そして著者は、自分の強みに専念する機会のない人が払う代償の大きさを指摘してもいます。1000人以上を対象とした調査において、「自分の最も得意とすることを行う機会を毎日持っているか」という質問に対して「まったくそう思わない」「そう思わない」と答えた人のうち、仕事に意欲的で生産的な人はひとりもいなかったというのです。
一方、毎日強みに取り組む機会がある人は、ない人よりも6倍も意欲的かつ生産的に仕事に打ち込む傾向があり、総じて「生活の質がとても高い」と述べる傾向が3倍以上にのぼったのだとか。こうした結果からも、強みに気づき、それを生かすことの重要性が推測できるのではないでしょうか?
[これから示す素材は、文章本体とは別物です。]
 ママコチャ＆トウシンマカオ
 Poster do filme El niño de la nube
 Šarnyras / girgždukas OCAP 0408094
ちなみに本書は、2001年に発行されて世界的なベストセラーとなった『さあ、才能(じぶん)に目覚めよう』の新版。原著では人々が持つ「34の資質」が明らかにされていましたが、今回はその応用編になっています。
具体的には、「その資質をどう使えば武器になるか」「どうすればその資質を持つ人たちを活かすことができるか」といった「強みの活かし方」にフォーカスしているのです。そしてその原点になっているのは、<ストレングス・ファインダー>というもの。
「人間の強み」に関する研究に基づいて、私たちは、人々に共通する34の資質を言語化し、それらを発見・説明するためのアセスメント<クリフトン・ストレングス・ファインダー>を開発した。(5ページより)
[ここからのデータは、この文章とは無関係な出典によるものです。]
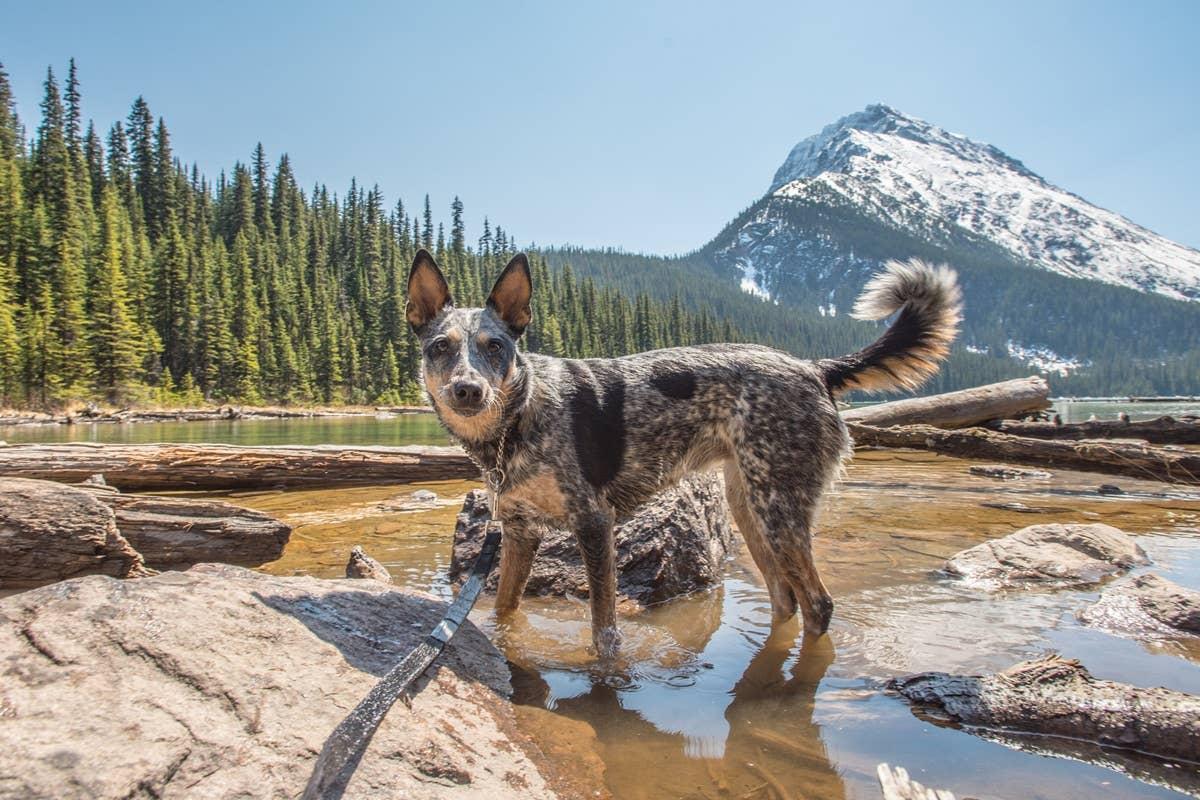  An Australian Cattle Dog hiking in the mountains.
人の悩みに関する私たちの知識は過去10年で飛躍的に増えた。本書では、最新の知見とその活用例を新たに紹介している。34の資質とその名称は変わらないが、アセスメントはより精度が上がり、それぞれの強みをより深く掘り下げて分析している。(8ページより)
付属のアクセスコードを入力し、ストレングスファインダーのウェブテストを受けることで、あなたの強みを知ることができます。その上で、34種に分かれた資質を確認していくことによって、その強みの活かし方が理解できるようになるのです。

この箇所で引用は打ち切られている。